Sent from Petguide.com App


----------



## lydiatug (Feb 21, 2012)

Don't feel bad, I'm having the same problem and I'm doing exactly what Aastha said. I've trained many dogs, but this one just wants to play! She goes outside just to play keep away with the leaves and get into anything she can reach, ignoring me all the way, lol!!! My Lexie was all about me and this one is all about PLAY. I'm not giving up though, she will get it eventually. Best of luck to you!


----------



## IzzysBellasMom (Jan 16, 2013)

Also remember 5 months is still pretty young. It will take consistent practice for him to learn his new commands. Also make sure you are doing it randomly, not always while sitting, or even in the same room. That way he learns no matter where you are, or what you are doing, he must come when called.


----------



## maddysmom (Mar 8, 2012)

I pretty much used the same technique Aastha used...Vegas style. She still comes when she wants  I remember my trainer telling me after 1000 comes...she will get it. This has been the hardest command for me to train her but I haven't been consistant.


----------



## eiksaa (Jun 8, 2012)

This is a very hard thing to teach but I promise you this command can be taught to 100% success. Here's a video of us practicing from when Gustave was 8 months old during one his first few times at the dog park.

[ame=http://www.youtube.com/watch?v=UXNq8KrrnE0]Recall at the park - YouTube[/ame]

He does hesitate the first time but I was still happy given he is giving up on playing with other dogs to come to me. And he loves playtime, so this is hard for him.

I'll make a video on how we learned to do it since it's too much to explain in writing. Mieka learned using the same method when she was 6 months old and has a reliable recall too.


----------



## Ann Mother (Dec 18, 2013)

My dog also comes when he wants. He also not food orientated.
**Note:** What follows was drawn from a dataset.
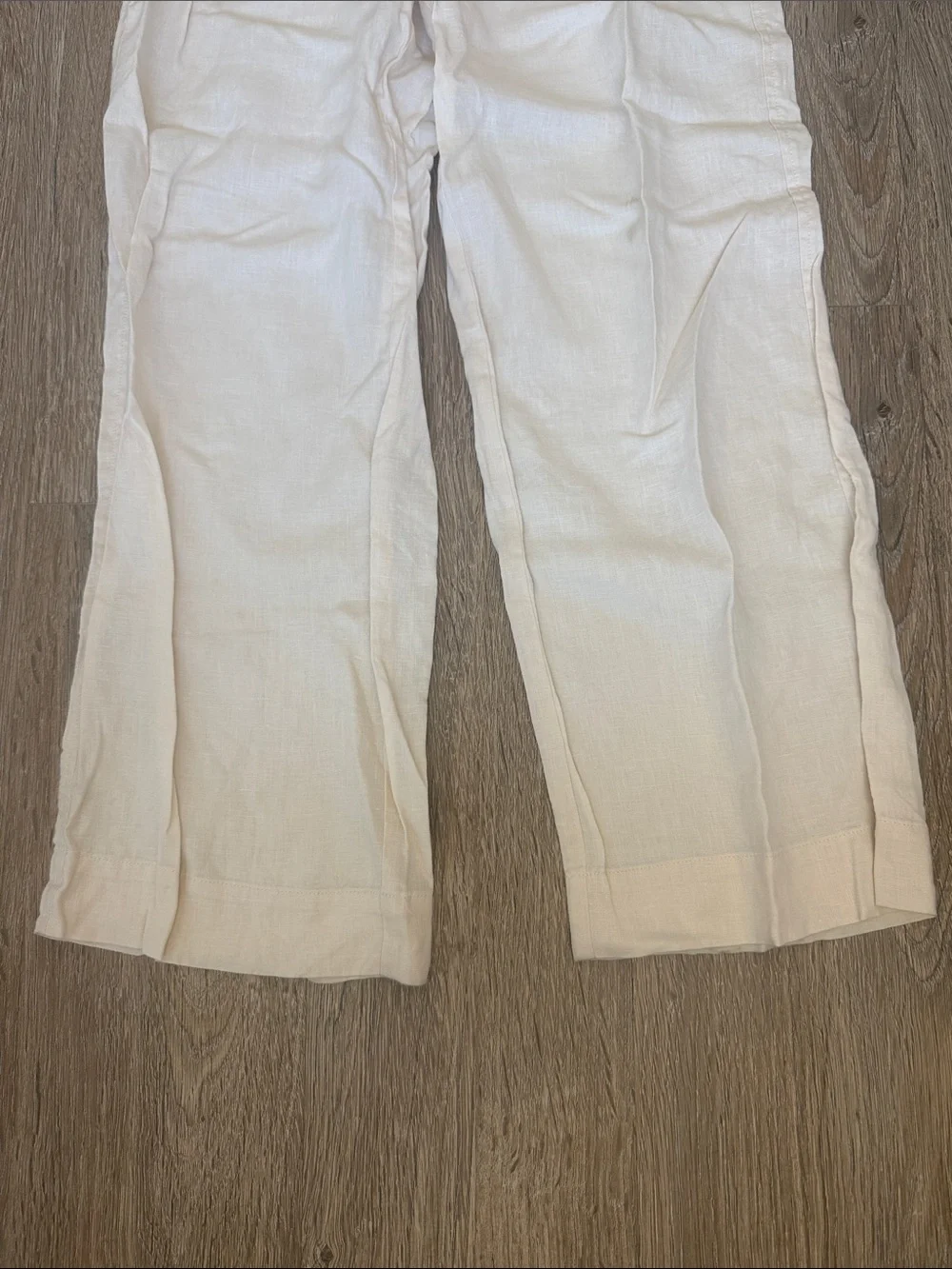 EVERLANE / High-Waist Wide Leg Linen Pants - Cream 0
Sent from Petguide.com Free App


----------



## callen510 (Nov 20, 2013)

thanks for all the ideas - keep 'em coming!! Ann, have you tried the Dog Crack? I got the idea off of the forums here bc my dog didn't seem to be food motivated either. I got mine at Petsmart but here it is on Amazon. You keep them on the counter, not in the freezer. The pieces are big so I break them into smaller pieces so he can eat them quickly and still concentrate on training, plus it makes them last longer. I think there are something like 100 pieces per bucket before you break them. I like that there are no other ingredients but don't take a big whiff when you open it. The smell is part of the allure to the dogs but to the humans, not so much.


----------



## Sylie (Apr 4, 2011)

From my training book I learned a technique. You make a sound like something the dogs have never heard. They come running and you give them an outstanding reward. Mine included Roman cheese, meat, and yummy yummy stuff. A jackpot reward. This conditions them to come for that sound. I used the sound a rooster makes. At this time, I only use it for an emergency, but it never fails. 
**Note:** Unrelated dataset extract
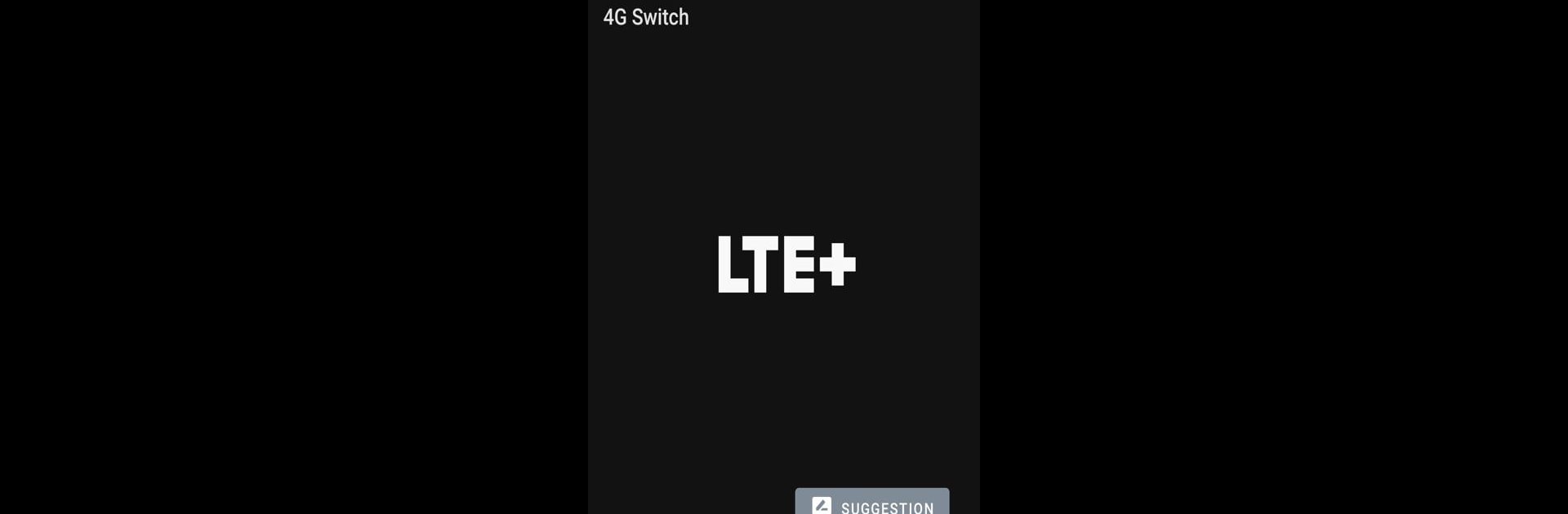4G Only: Force LTE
If the dogs are upstairs lounging in my bed, and I want to start grooming, I simply open the cupboard where their food is kept. They come without being called. That is convenient, but establishing a recall that is irresistible is essential. I can't walk you through the entire process, but if you want to learn, PM me, and I will send you a link to the training book.


----------



## Grace'sMom (Feb 22, 2012)

All great suggestions 

Another thing to think about is trust. Maybe do some bonding activities.... trick training, agility, hide and seek with treats (hide treats and let him go find them).... Anything that is FUN. Fun builds bonds and trust.

Soon he will want to come to you because he will associate you with fun, love, and happy things.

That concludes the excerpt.